[Supplied records]:
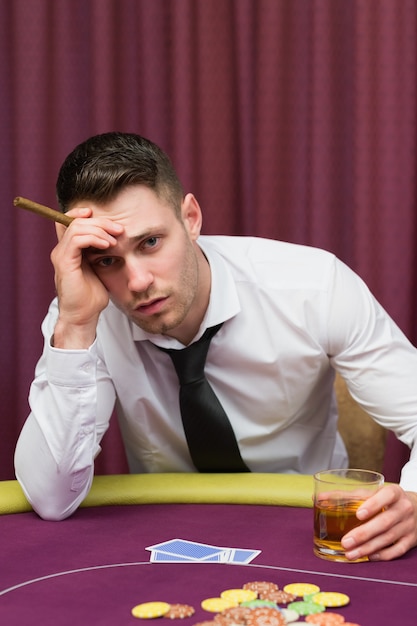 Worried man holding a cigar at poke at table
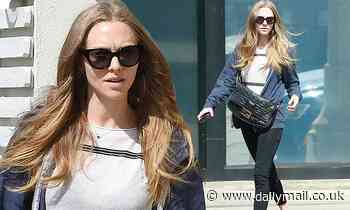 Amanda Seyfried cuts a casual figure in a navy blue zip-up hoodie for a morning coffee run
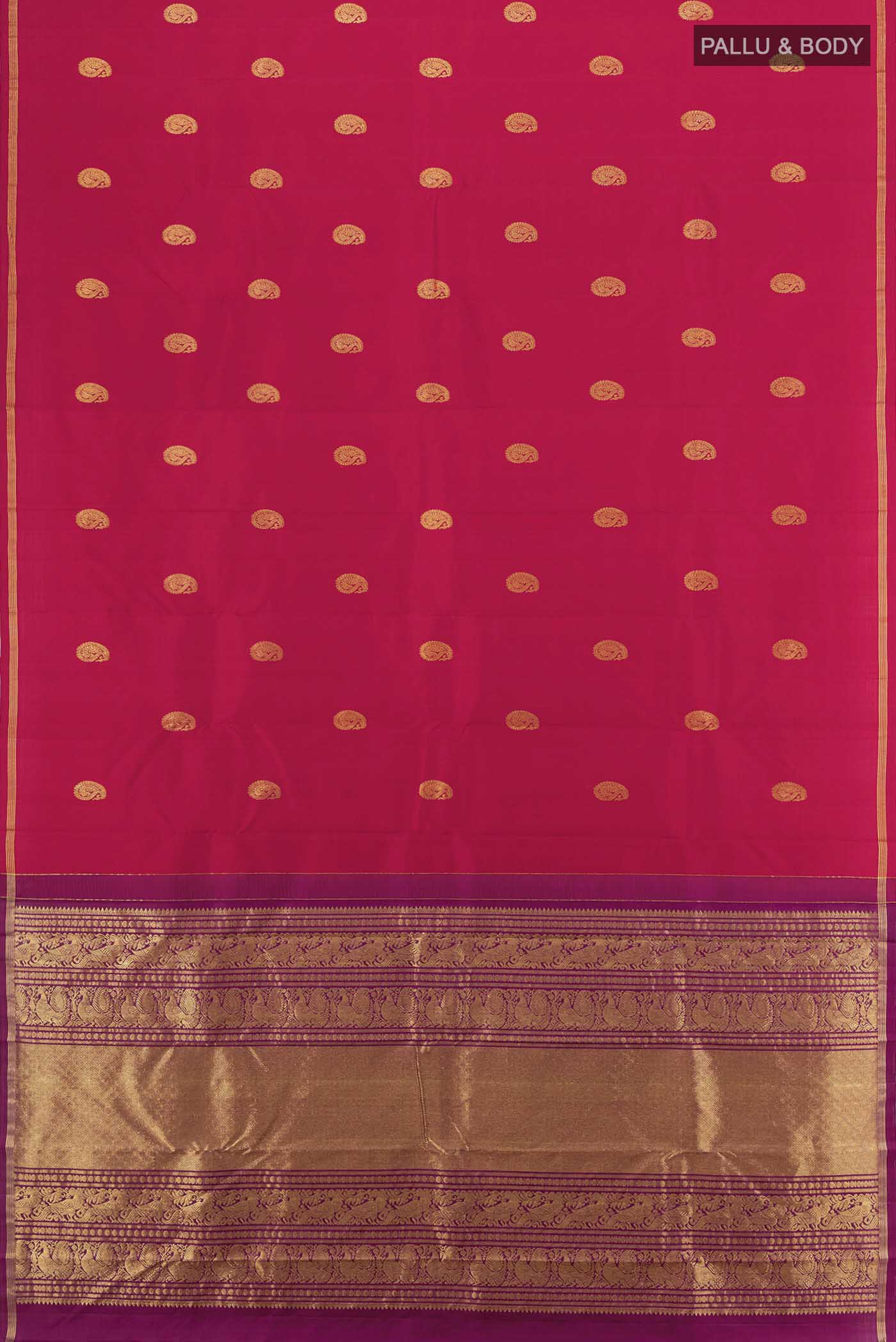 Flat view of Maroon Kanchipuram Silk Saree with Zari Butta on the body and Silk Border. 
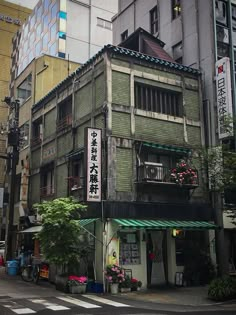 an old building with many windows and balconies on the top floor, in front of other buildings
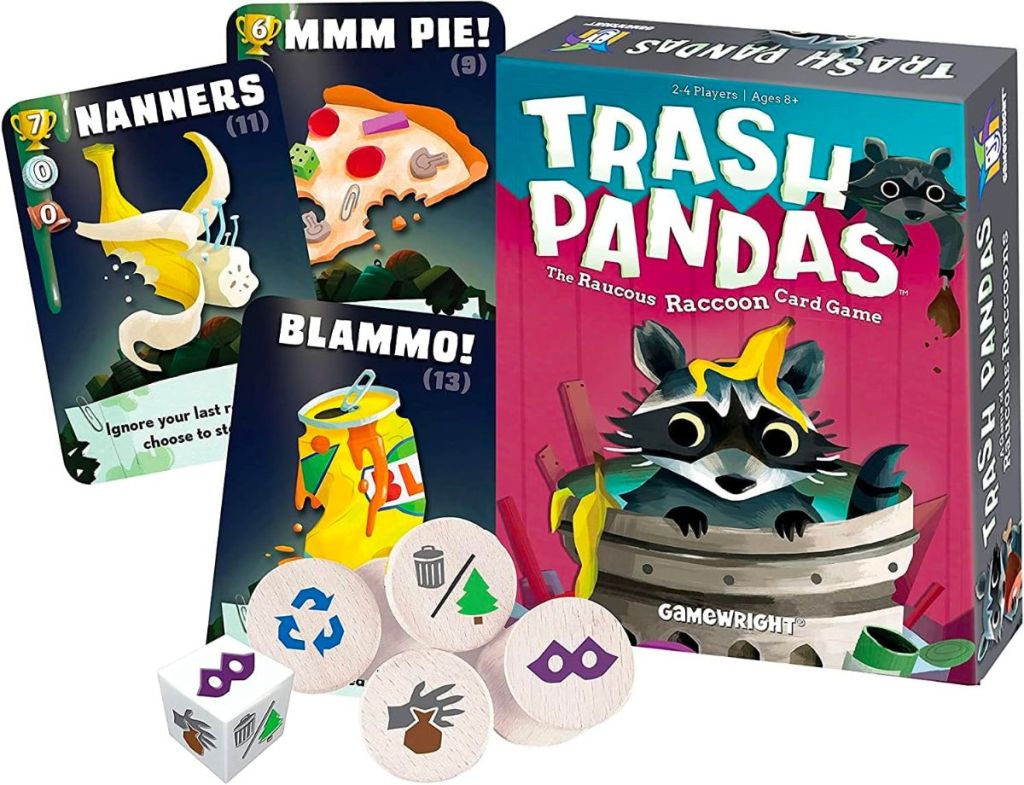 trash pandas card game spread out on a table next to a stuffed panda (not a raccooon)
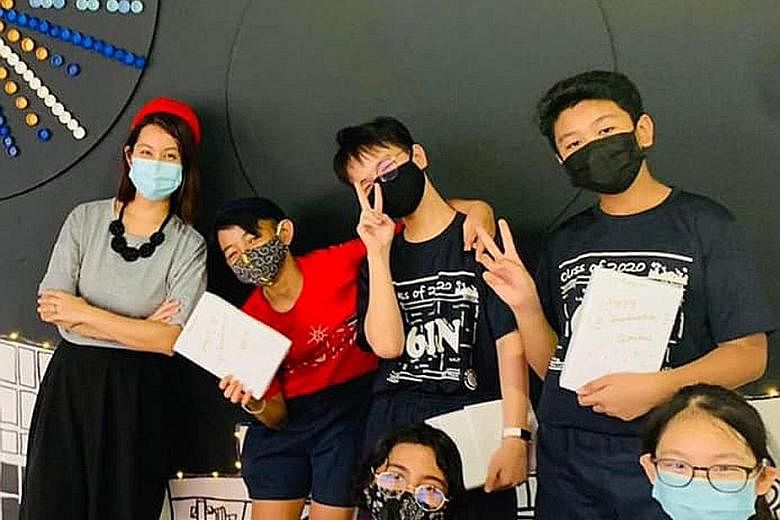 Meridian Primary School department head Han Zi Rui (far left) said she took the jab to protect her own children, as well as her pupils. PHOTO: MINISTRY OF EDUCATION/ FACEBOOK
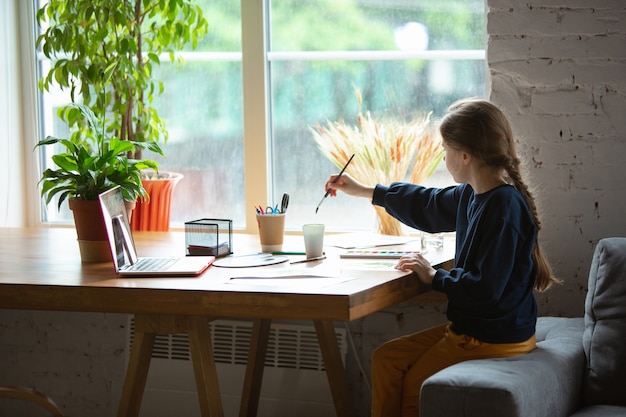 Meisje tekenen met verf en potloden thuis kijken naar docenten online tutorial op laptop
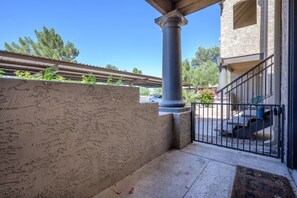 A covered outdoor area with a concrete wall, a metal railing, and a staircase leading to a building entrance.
...
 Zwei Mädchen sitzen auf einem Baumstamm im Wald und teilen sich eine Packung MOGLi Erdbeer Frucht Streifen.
==
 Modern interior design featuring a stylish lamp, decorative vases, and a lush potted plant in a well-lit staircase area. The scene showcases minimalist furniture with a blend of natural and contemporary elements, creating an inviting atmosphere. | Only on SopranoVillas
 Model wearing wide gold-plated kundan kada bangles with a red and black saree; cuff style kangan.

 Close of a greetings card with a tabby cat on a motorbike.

[Problem]: Within the listing above, print exactly the stretch beginning at the line that contains "Amanda Seyfried cuts" and finishing at the line that contains "Meisje tekenen met", ends kept, pictures left out, and nothing more.

[Final answer]:
 Amanda Seyfried cuts a casual figure in a navy blue zip-up hoodie for a morning coffee run
 Flat view of Maroon Kanchipuram Silk Saree with Zari Butta on the body and Silk Border. 
 an old building with many windows and balconies on the top floor, in front of other buildings
 trash pandas card game spread out on a table next to a stuffed panda (not a raccooon)
 Meridian Primary School department head Han Zi Rui (far left) said she took the jab to protect her own children, as well as her pupils. PHOTO: MINISTRY OF EDUCATION/ FACEBOOK
 Meisje tekenen met verf en potloden thuis kijken naar docenten online tutorial op laptop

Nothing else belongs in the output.